### EXERCISE REQUIREMENTS:
Transcribe only the lines of the listing below from the one holding "REVIEWING ANTAGONISTIC ACTINOMYCETES" through the one holding "school_swimsuit, skintight, swimsuit", inclusive, without any change.

### DATASET RECORDS:
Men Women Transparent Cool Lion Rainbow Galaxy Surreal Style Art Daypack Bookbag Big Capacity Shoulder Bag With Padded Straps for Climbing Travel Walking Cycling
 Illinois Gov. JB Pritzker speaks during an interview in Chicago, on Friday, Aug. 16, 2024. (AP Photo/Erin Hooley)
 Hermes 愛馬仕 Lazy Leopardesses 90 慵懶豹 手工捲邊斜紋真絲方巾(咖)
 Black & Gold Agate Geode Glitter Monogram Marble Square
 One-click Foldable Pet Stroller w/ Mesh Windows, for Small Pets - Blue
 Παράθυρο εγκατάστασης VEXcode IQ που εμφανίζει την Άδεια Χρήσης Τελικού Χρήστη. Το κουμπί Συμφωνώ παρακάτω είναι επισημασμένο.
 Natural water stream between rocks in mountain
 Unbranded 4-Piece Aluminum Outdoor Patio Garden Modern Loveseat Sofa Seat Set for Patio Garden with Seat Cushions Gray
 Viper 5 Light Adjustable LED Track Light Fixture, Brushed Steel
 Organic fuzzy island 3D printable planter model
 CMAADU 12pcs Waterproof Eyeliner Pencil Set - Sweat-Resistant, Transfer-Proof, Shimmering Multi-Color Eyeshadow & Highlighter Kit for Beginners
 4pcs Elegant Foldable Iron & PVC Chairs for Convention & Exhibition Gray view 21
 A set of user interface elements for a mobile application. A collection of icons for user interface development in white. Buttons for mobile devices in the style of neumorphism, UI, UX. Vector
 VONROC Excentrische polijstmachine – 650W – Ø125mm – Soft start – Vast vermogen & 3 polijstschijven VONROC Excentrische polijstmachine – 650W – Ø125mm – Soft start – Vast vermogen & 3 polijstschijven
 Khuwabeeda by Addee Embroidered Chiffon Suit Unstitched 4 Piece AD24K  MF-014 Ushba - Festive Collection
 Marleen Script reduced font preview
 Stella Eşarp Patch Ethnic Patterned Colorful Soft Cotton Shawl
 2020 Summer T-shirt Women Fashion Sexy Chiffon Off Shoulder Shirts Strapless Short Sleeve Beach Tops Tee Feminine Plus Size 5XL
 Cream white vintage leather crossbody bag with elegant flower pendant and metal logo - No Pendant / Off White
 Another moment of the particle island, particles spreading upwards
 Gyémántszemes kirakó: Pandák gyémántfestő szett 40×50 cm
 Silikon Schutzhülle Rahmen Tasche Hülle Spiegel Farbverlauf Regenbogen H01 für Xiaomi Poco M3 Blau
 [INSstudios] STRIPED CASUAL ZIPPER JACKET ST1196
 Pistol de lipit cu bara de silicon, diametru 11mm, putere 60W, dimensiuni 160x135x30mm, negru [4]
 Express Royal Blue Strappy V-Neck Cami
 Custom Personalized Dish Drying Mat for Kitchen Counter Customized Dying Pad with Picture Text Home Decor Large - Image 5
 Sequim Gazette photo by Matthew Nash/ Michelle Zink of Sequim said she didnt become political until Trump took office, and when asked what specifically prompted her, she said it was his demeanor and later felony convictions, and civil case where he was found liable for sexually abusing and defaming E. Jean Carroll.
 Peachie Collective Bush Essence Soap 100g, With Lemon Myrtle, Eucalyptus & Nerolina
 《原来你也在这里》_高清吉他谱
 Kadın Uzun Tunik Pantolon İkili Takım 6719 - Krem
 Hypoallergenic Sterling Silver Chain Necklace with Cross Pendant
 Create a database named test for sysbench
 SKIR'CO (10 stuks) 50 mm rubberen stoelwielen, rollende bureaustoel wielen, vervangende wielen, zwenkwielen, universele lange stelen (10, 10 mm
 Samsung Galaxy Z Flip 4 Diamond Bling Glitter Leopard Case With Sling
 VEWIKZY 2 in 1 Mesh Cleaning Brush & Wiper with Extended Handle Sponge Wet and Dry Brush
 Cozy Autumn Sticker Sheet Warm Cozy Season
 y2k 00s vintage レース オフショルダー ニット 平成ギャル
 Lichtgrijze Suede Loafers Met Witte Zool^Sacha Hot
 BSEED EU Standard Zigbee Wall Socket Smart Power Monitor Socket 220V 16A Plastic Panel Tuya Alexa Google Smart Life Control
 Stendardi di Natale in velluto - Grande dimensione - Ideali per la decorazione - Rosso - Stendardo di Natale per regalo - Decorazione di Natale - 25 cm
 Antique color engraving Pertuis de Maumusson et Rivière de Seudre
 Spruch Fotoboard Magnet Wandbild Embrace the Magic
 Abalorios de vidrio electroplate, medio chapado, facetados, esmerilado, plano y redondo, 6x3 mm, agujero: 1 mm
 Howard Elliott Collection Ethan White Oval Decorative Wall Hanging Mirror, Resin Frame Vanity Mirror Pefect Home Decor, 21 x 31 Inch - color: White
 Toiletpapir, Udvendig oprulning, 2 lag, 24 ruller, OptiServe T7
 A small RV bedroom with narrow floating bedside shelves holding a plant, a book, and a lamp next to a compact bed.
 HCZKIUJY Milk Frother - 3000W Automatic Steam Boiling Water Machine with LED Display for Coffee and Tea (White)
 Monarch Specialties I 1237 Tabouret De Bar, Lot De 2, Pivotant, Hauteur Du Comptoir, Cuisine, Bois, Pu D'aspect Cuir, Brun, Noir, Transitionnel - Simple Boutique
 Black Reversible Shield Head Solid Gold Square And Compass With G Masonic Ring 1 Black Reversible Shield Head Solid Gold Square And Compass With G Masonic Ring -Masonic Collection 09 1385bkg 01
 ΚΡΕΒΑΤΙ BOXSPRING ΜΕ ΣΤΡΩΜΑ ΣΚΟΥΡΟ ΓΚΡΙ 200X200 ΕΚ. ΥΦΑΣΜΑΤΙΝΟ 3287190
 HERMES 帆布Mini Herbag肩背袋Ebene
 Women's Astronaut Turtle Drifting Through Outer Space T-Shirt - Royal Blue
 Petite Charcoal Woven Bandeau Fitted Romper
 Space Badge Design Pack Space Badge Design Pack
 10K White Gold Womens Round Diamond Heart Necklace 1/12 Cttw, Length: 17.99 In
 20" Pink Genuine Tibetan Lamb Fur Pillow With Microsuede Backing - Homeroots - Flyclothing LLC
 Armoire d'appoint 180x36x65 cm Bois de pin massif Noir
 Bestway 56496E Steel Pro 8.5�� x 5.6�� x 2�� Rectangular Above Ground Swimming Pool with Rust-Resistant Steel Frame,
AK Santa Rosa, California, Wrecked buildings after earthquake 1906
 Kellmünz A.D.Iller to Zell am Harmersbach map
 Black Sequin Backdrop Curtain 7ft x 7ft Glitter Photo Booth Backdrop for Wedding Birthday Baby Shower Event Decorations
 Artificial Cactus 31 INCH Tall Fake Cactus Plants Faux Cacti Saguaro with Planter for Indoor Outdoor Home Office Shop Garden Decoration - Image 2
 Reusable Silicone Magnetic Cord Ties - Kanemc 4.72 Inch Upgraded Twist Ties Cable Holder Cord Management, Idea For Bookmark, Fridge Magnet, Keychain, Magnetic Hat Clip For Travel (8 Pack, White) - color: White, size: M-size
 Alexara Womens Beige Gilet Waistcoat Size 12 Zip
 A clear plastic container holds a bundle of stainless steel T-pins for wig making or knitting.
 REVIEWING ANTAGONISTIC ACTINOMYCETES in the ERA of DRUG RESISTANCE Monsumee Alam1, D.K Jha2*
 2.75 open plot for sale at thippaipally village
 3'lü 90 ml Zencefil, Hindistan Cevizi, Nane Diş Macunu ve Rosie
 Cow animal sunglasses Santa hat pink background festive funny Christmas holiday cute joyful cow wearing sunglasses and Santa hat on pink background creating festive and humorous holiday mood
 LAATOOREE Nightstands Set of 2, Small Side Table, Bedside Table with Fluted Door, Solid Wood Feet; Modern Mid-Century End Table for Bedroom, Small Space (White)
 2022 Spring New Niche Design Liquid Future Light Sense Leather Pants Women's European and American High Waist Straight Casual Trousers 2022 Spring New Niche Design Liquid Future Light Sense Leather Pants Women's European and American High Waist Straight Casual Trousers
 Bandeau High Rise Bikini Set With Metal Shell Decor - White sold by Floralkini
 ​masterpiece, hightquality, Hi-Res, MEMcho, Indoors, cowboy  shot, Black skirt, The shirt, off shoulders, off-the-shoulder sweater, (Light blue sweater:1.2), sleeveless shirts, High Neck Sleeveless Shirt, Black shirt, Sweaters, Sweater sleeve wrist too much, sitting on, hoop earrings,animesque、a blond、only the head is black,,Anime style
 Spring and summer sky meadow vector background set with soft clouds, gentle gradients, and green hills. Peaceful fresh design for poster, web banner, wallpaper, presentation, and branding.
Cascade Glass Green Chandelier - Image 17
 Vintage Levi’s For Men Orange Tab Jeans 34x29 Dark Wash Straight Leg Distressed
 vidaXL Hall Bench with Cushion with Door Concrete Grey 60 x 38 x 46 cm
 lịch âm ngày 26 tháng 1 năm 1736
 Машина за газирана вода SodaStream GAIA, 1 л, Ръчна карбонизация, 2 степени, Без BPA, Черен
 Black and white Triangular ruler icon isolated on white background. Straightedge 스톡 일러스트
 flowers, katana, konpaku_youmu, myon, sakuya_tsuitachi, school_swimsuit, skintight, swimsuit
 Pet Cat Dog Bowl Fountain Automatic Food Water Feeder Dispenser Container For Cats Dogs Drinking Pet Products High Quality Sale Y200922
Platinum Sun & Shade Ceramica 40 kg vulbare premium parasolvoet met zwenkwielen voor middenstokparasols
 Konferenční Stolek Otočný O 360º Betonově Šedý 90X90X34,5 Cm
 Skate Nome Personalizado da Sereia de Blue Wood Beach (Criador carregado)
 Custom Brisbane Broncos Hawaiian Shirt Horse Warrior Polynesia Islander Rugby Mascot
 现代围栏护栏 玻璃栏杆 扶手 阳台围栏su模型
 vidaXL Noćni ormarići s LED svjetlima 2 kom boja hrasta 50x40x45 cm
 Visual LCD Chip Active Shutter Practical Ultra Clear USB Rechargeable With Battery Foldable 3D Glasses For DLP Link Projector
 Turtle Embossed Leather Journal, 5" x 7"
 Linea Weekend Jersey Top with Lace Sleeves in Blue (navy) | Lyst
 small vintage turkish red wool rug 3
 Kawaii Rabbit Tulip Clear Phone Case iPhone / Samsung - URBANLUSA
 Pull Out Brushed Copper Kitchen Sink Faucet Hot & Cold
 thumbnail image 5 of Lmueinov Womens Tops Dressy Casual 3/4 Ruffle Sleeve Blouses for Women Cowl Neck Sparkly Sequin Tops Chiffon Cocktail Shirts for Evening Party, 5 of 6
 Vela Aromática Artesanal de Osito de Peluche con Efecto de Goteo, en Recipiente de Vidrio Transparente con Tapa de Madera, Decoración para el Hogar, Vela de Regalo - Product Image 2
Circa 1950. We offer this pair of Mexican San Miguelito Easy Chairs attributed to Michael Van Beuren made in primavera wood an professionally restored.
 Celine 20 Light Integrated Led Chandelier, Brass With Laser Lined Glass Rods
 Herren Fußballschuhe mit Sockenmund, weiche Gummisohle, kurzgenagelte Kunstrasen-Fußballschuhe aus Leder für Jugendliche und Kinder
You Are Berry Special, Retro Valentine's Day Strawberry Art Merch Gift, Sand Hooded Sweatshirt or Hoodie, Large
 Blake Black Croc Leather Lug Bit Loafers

### EXPECTED OUTPUT:
 REVIEWING ANTAGONISTIC ACTINOMYCETES in the ERA of DRUG RESISTANCE Monsumee Alam1, D.K Jha2*
 2.75 open plot for sale at thippaipally village
 3'lü 90 ml Zencefil, Hindistan Cevizi, Nane Diş Macunu ve Rosie
 Cow animal sunglasses Santa hat pink background festive funny Christmas holiday cute joyful cow wearing sunglasses and Santa hat on pink background creating festive and humorous holiday mood
 LAATOOREE Nightstands Set of 2, Small Side Table, Bedside Table with Fluted Door, Solid Wood Feet; Modern Mid-Century End Table for Bedroom, Small Space (White)
 2022 Spring New Niche Design Liquid Future Light Sense Leather Pants Women's European and American High Waist Straight Casual Trousers 2022 Spring New Niche Design Liquid Future Light Sense Leather Pants Women's European and American High Waist Straight Casual Trousers
 Bandeau High Rise Bikini Set With Metal Shell Decor - White sold by Floralkini
 ​masterpiece, hightquality, Hi-Res, MEMcho, Indoors, cowboy  shot, Black skirt, The shirt, off shoulders, off-the-shoulder sweater, (Light blue sweater:1.2), sleeveless shirts, High Neck Sleeveless Shirt, Black shirt, Sweaters, Sweater sleeve wrist too much, sitting on, hoop earrings,animesque、a blond、only the head is black,,Anime style
 Spring and summer sky meadow vector background set with soft clouds, gentle gradients, and green hills. Peaceful fresh design for poster, web banner, wallpaper, presentation, and branding.
Cascade Glass Green Chandelier - Image 17
 Vintage Levi’s For Men Orange Tab Jeans 34x29 Dark Wash Straight Leg Distressed
 vidaXL Hall Bench with Cushion with Door Concrete Grey 60 x 38 x 46 cm
 lịch âm ngày 26 tháng 1 năm 1736
 Машина за газирана вода SodaStream GAIA, 1 л, Ръчна карбонизация, 2 степени, Без BPA, Черен
 Black and white Triangular ruler icon isolated on white background. Straightedge 스톡 일러스트
 flowers, katana, konpaku_youmu, myon, sakuya_tsuitachi, school_swimsuit, skintight, swimsuit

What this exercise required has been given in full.